On Friday, to celebrate Darwin Day, my husband and I attended a lunchtime lecture entitled “The Evolution Of Biodiversity: History or Science” at the North Carolina Botanical Garden.
There were snow flurries during the talk but by the time we walked to the car only the cold remained.
We did not take time to explore the garden that day, but as we hurried back to the parking lot, we admired the light on the grasses fronting the parking spaces.
Upon returning home I noticed a camellia on the side of the house was blooming. It has been too cold. How is that possible? Well, the days are lengthening and, before it turned cold this week, it actually had been very warm. Three flowers were open. Because of cold weather this camellia failed to bloom at all last winter. Tonight’s low is predicted to be 15°F. Who is feeling lucky?
I have been taking this winter one day at a time. Even so, winter is passing by quickly. In a couple of weeks a friend and I will travel to Virginia for the hellebore festival at Pine Knot Farms. Making plans around here in February is usually a sure-fire way to invite an ice storm into town, but definitely this year we are feeling lucky that we will make it.
Looking ahead, April is promising to be a great month. I already have tickets for some Art In Bloom events at the North Carolina Museum of Art early in the month. The Chapel Hill Garden Club’s biennial spring garden tour takes place the last weekend in April, featuring seven private gardens. I am already signed up to be a garden guide at one of the gardens for the spring tour.
And, not everything special is a garden event. Also in April our daughter is coming to visit from the west coast. March will be busy but I am feeling lucky.
Your Camellia is beautiful, a sign that spring can’t be far away now! Is that a witch hazel in your first photo?
It sounds as if you had a good day with your Darwin lecture and you have so many plans for the future organised – fantastic!
Thanks Pauline.
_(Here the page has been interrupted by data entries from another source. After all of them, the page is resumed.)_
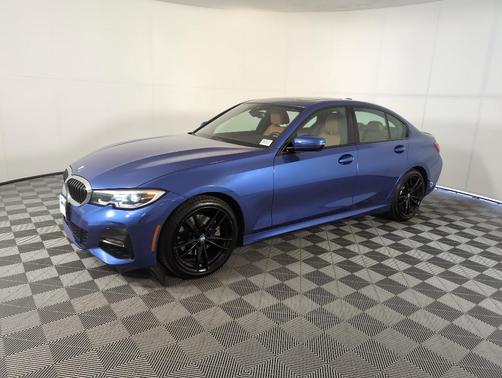 2022 BMW 330 i xDrive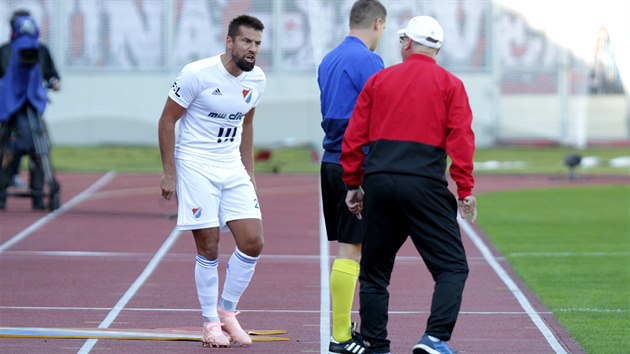 Ostravsk� �to�n�k Milan Baro� po vylou�en� proti Slavii zu��, jeho hn�v schyt�v� �tvrt� sud� Proske. Z�dy v �erven�m je tren�r Bohumil P�n�k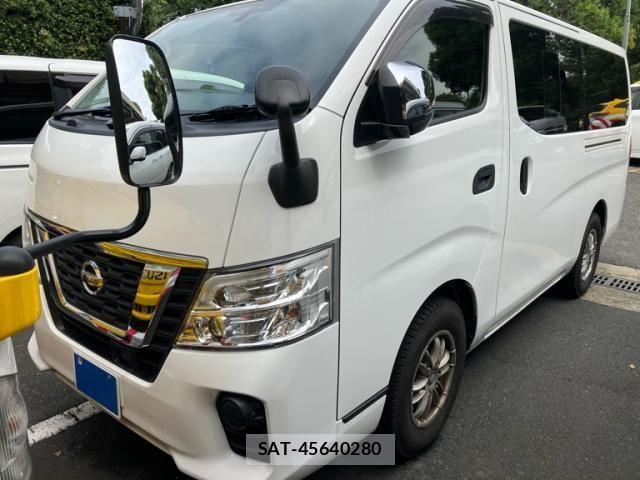Nissan NV350 Caravan 2021-11 8881374-2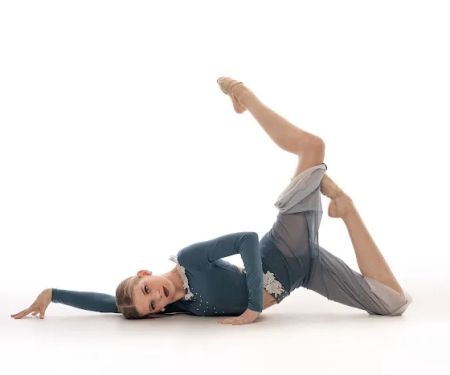 En L'air Academy of Dance and Acrobatics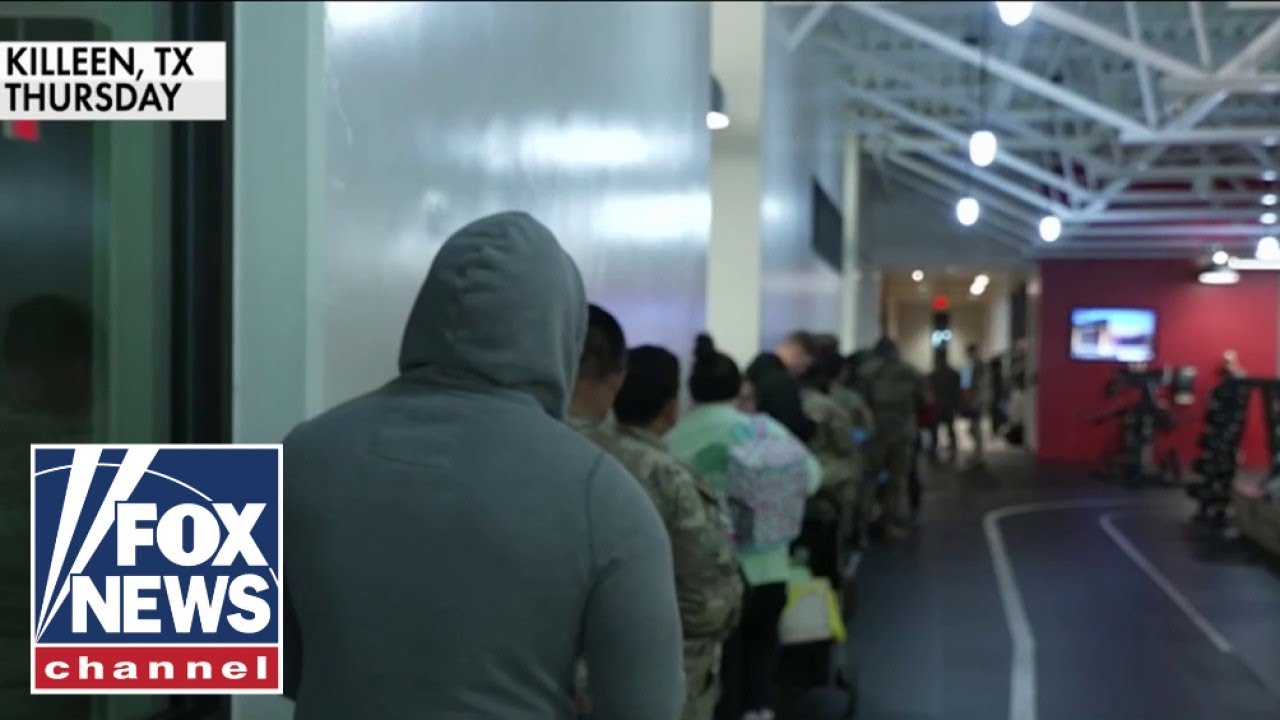 Military families turn to food banks as shutdown hits SNAP benefits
I should have double-checked the name of that shrub but I believe it is a winterberry (Ilex verticillata). There are lots of red ones in this garden but I hadn’t noticed a yellow one before.
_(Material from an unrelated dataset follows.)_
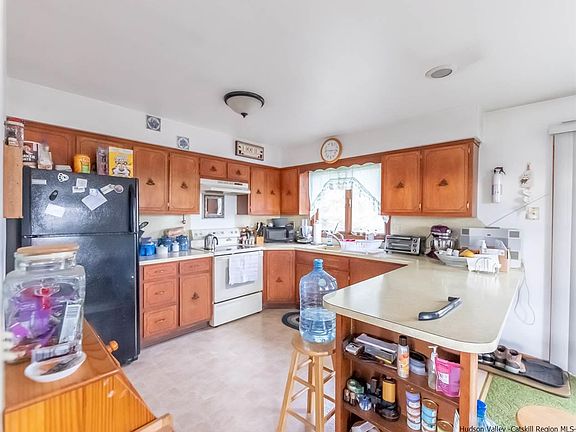5th image of 1298 Churchland Ln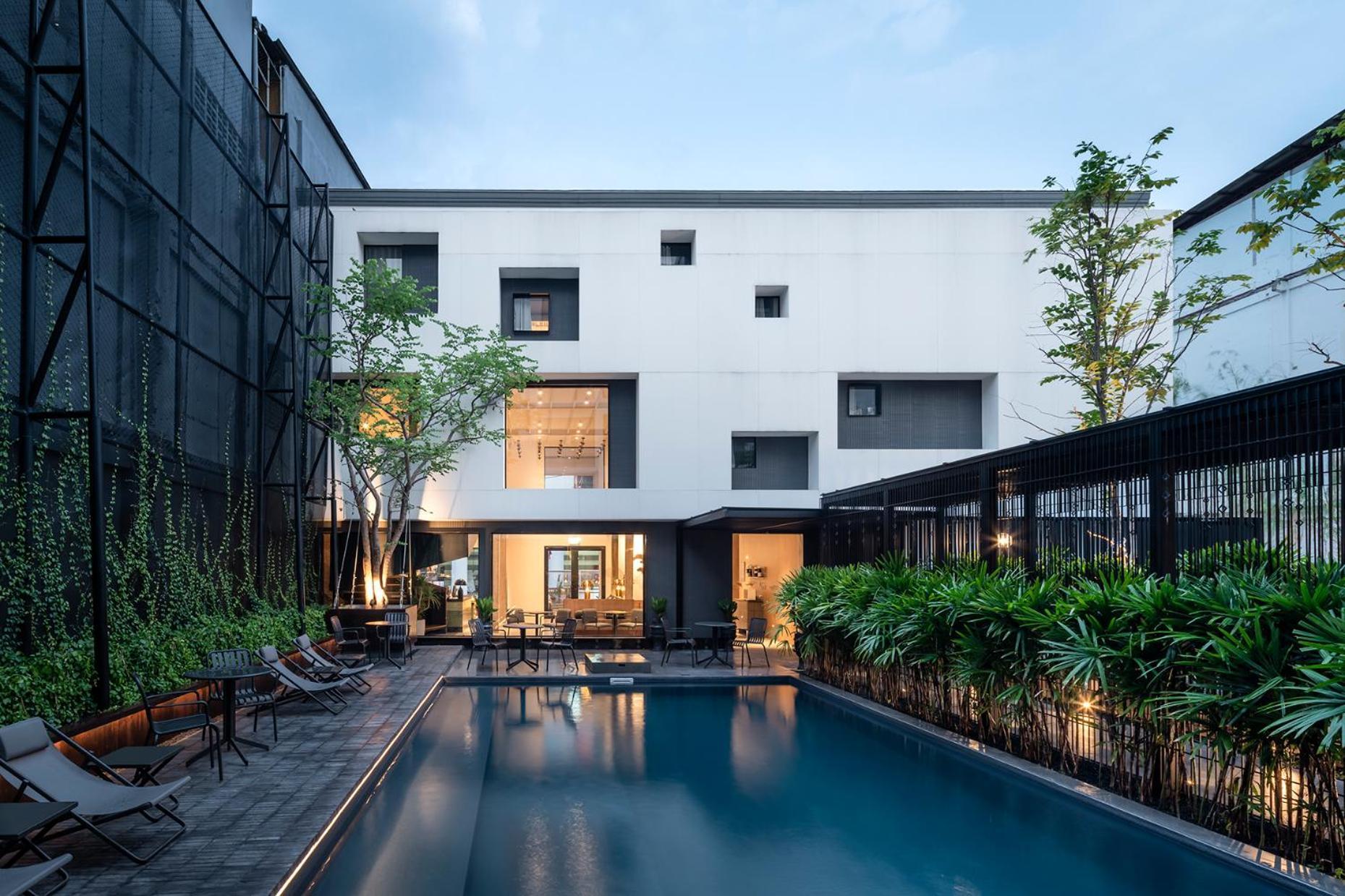 Lilit Bang Lumphu Hotel Bangkok Exterior photo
Sounds like a great plan. Hope that you are lucky.
Thanks. There are so many springtime events scheduled that compete with much-needed time in the garden.
It’s just as well February is a short month. If only the Spring months were longer!
Oh, I’d like that too.My garden is decidedly at its peak in spring.
It is refreshing to read about someone who is counting their blessings.
I hope the weather stays kind for you.
Thank you Brian. It is nice to have a few plans to look forward to. The temperatures have been springing wildly up, then down, so it will be interesting to see what does well this spring. Have a good day.
Filling up the calendar is a sure way to hurry up the time passing. Have fun!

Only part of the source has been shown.